=== Task details ===
In the listing below, find the line containing "People in hoods in the rain HD Wallpaper" and the line containing "Three Graces Wedding Cake With Flowers", then copy exactly everything from the first through the second, except the pictures.

=== Available data ===
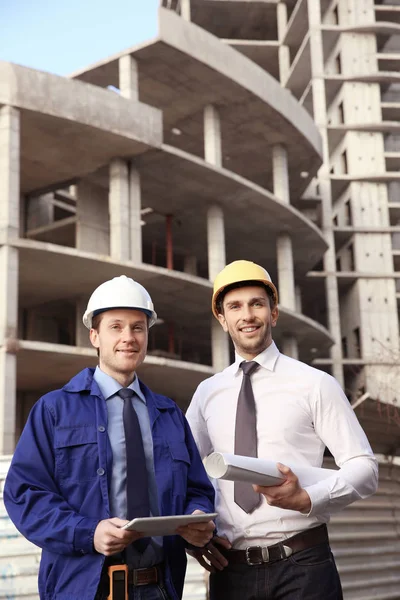 Schöner Ingenieur Und Arbeiter Mit Tablet Computer Vor Unvollendetem Gebäude — Stockfoto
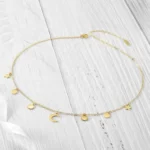 the Stunning Golden Celestial Necklace on a white wooden surface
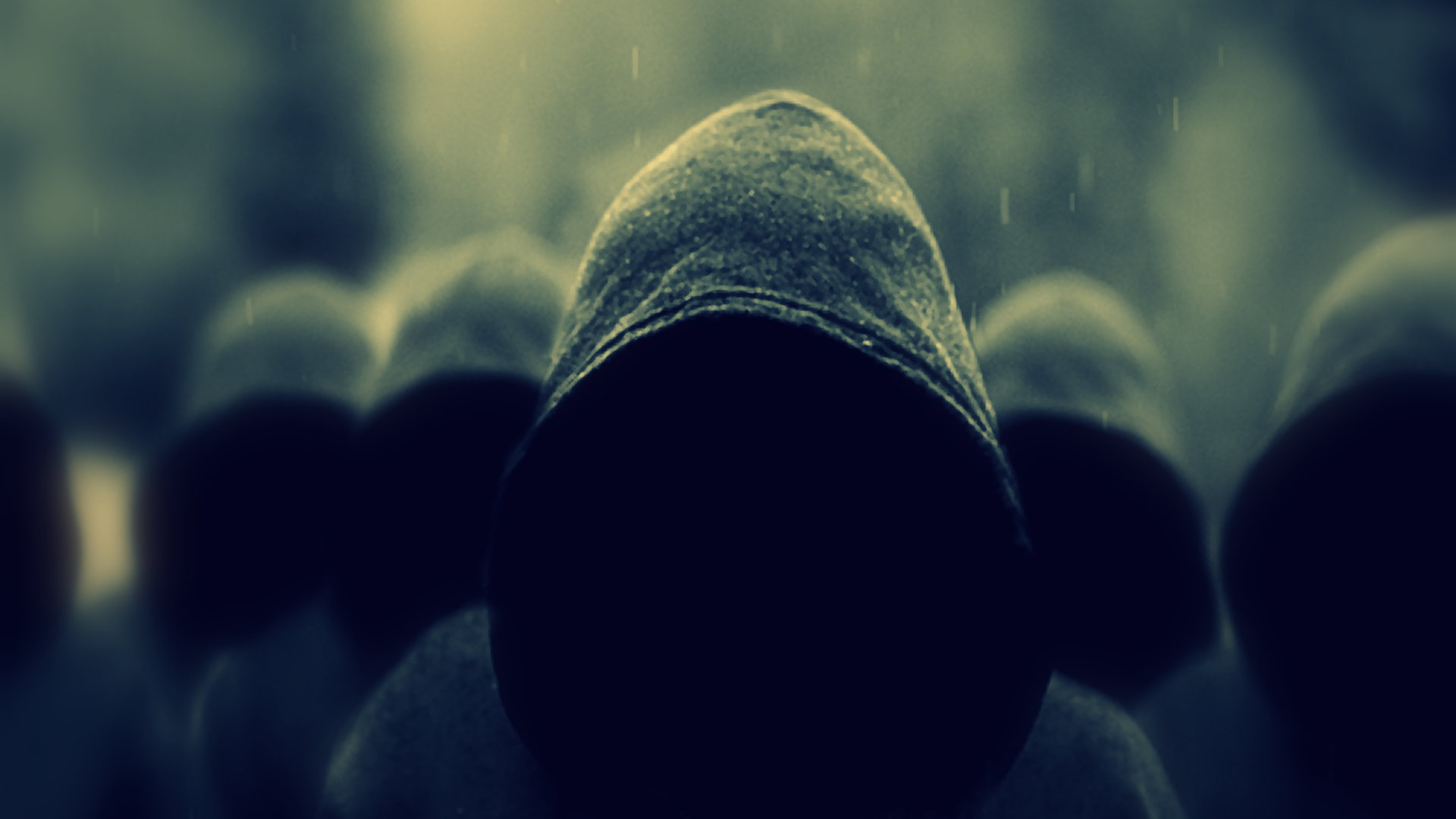 People in hoods in the rain HD Wallpaper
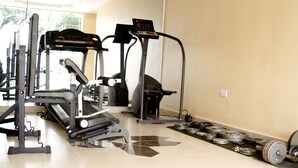A gym with exercise equipment, a patterned floor, and weights. - The W Hotel (Lagos)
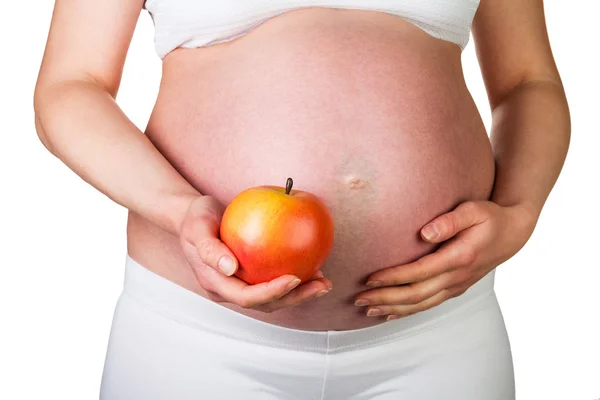 Mujer embarazada con manzana en mano aislada en blanco — Foto de Stock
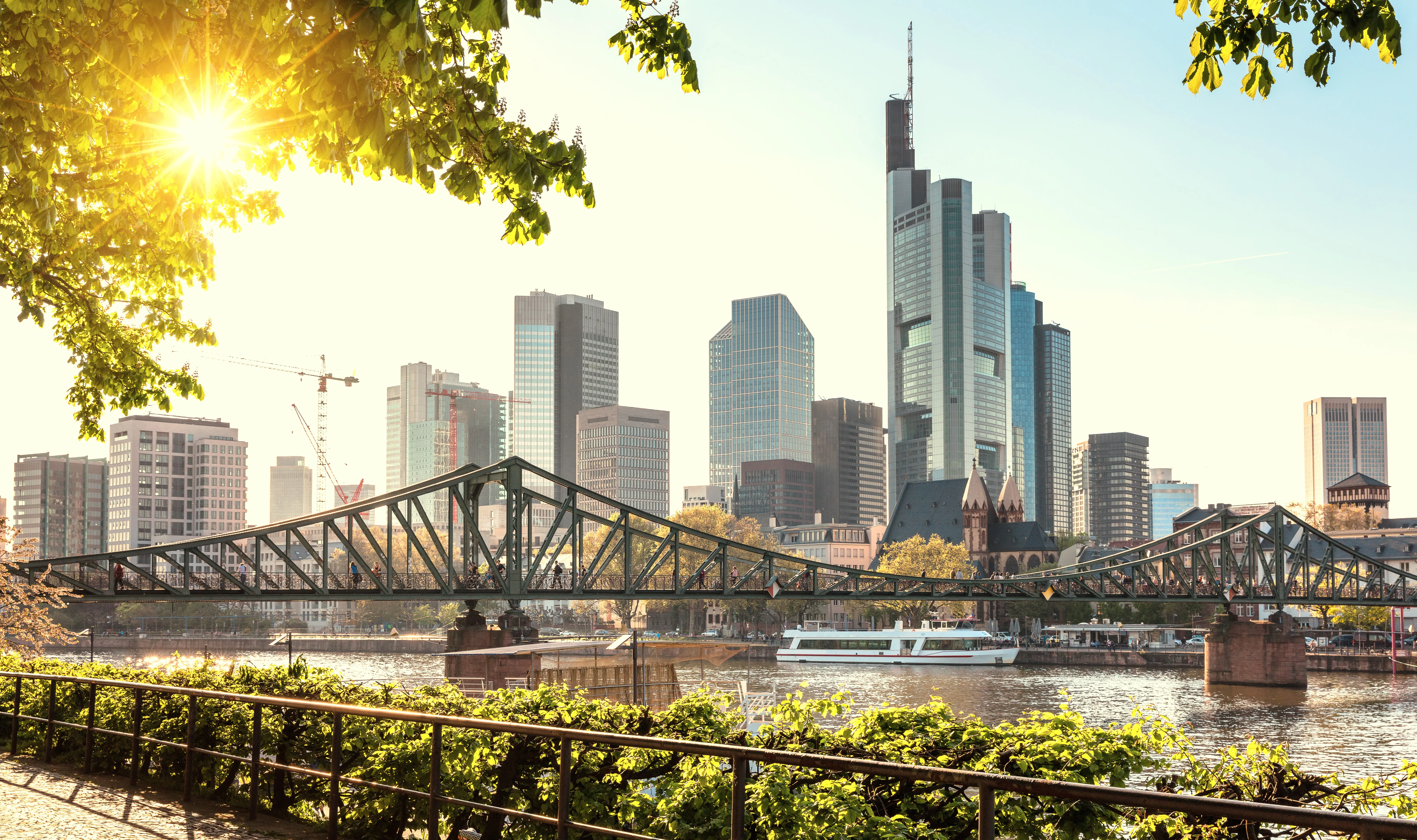 a bridge over water with a city in the background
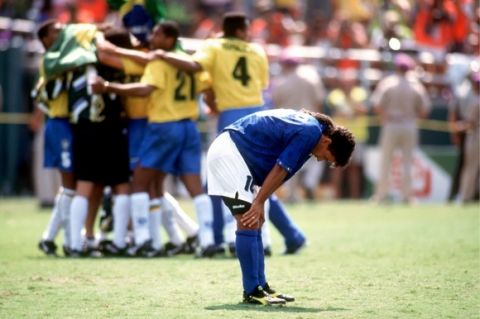Roberto Baggio of Italy shows his disappointment after missing his penalty as Brazil celebrate
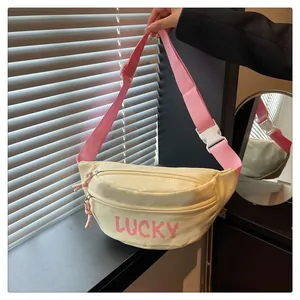 Nahaufnahme der gelben Nylon-Umhängetasche mit Lucky-Aufdruck und rosa Gurt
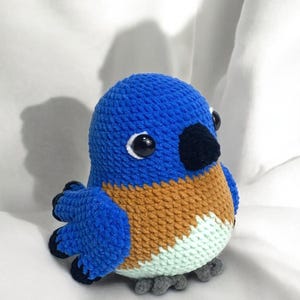 Puede incluir: Un juguete de peluche de p&aacute;jaro tejido a crochet azul y marr&oacute;n con ojos negros y un pico negro. El p&aacute;jaro est&aacute; sentado sobre una superficie blanca.
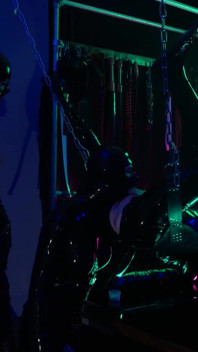 The rubber Domme the giant dildo and the gimp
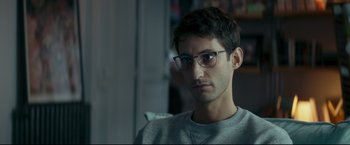 Movie still from “Black Box” (2021), directed by Yann Gozlan – A man with glasses is sitting in a room; Close Up shot, Over the shoulder angle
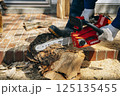 チェーンソーで材木を切断する様子 125135455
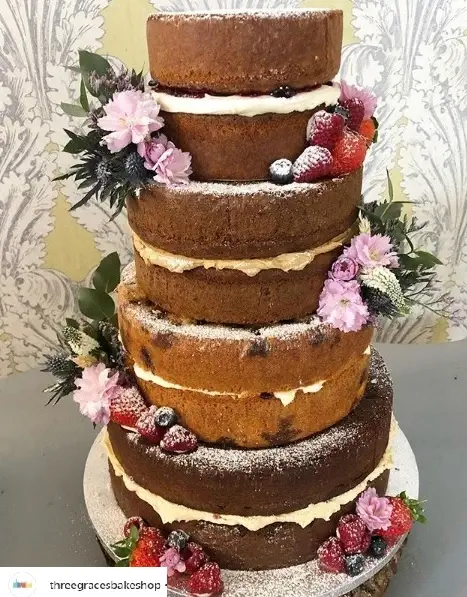 Three Graces Wedding Cake With Flowers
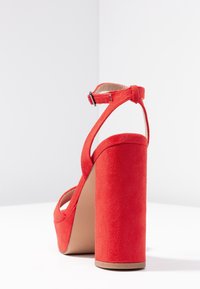 Sandale à talons hauts en daim rouge avec un épais talon bloc et une bride de cheville. L'intérieur est beige et le talon mesure environ 10 cm.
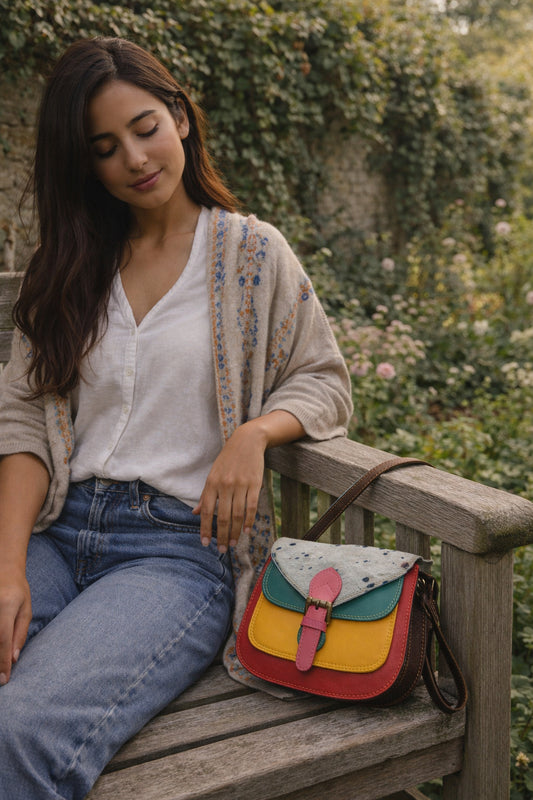 Handmade Leather Crossbody Bag featuring colorful design, model seated on a bench in a garden.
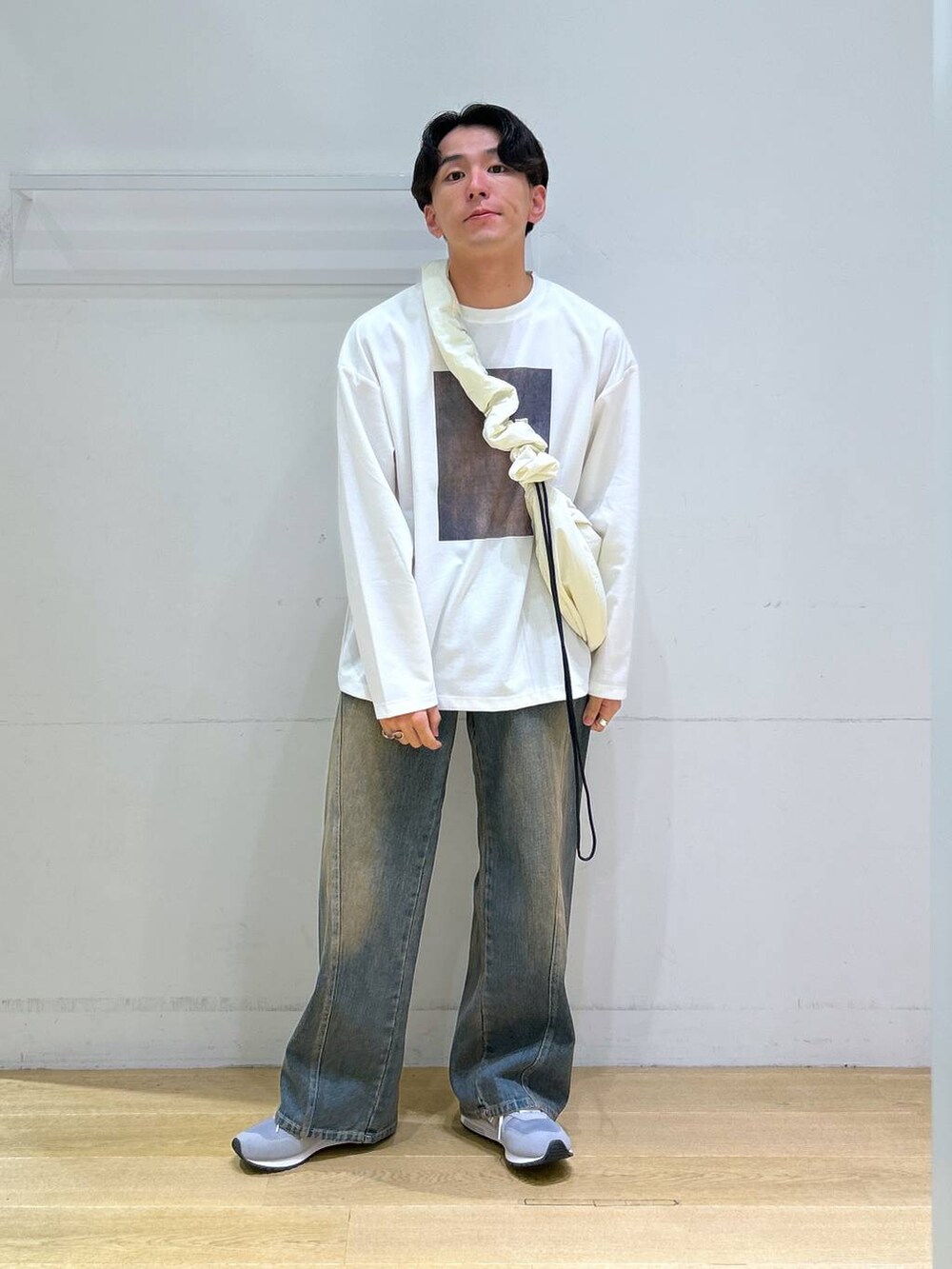 ブルー系のデニムパンツ、ホワイト系のショルダーバッグ、グレー系のスニーカーを着用したメンズの秋コーディネートの5枚目の写真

=== The completed task ===
 People in hoods in the rain HD Wallpaper
A gym with exercise equipment, a patterned floor, and weights. - The W Hotel (Lagos)
 Mujer embarazada con manzana en mano aislada en blanco — Foto de Stock
 a bridge over water with a city in the background
Roberto Baggio of Italy shows his disappointment after missing his penalty as Brazil celebrate
 Nahaufnahme der gelben Nylon-Umhängetasche mit Lucky-Aufdruck und rosa Gurt
 Puede incluir: Un juguete de peluche de p&aacute;jaro tejido a crochet azul y marr&oacute;n con ojos negros y un pico negro. El p&aacute;jaro est&aacute; sentado sobre una superficie blanca.
 The rubber Domme the giant dildo and the gimp
 Movie still from “Black Box” (2021), directed by Yann Gozlan – A man with glasses is sitting in a room; Close Up shot, Over the shoulder angle
 チェーンソーで材木を切断する様子 125135455
 Three Graces Wedding Cake With Flowers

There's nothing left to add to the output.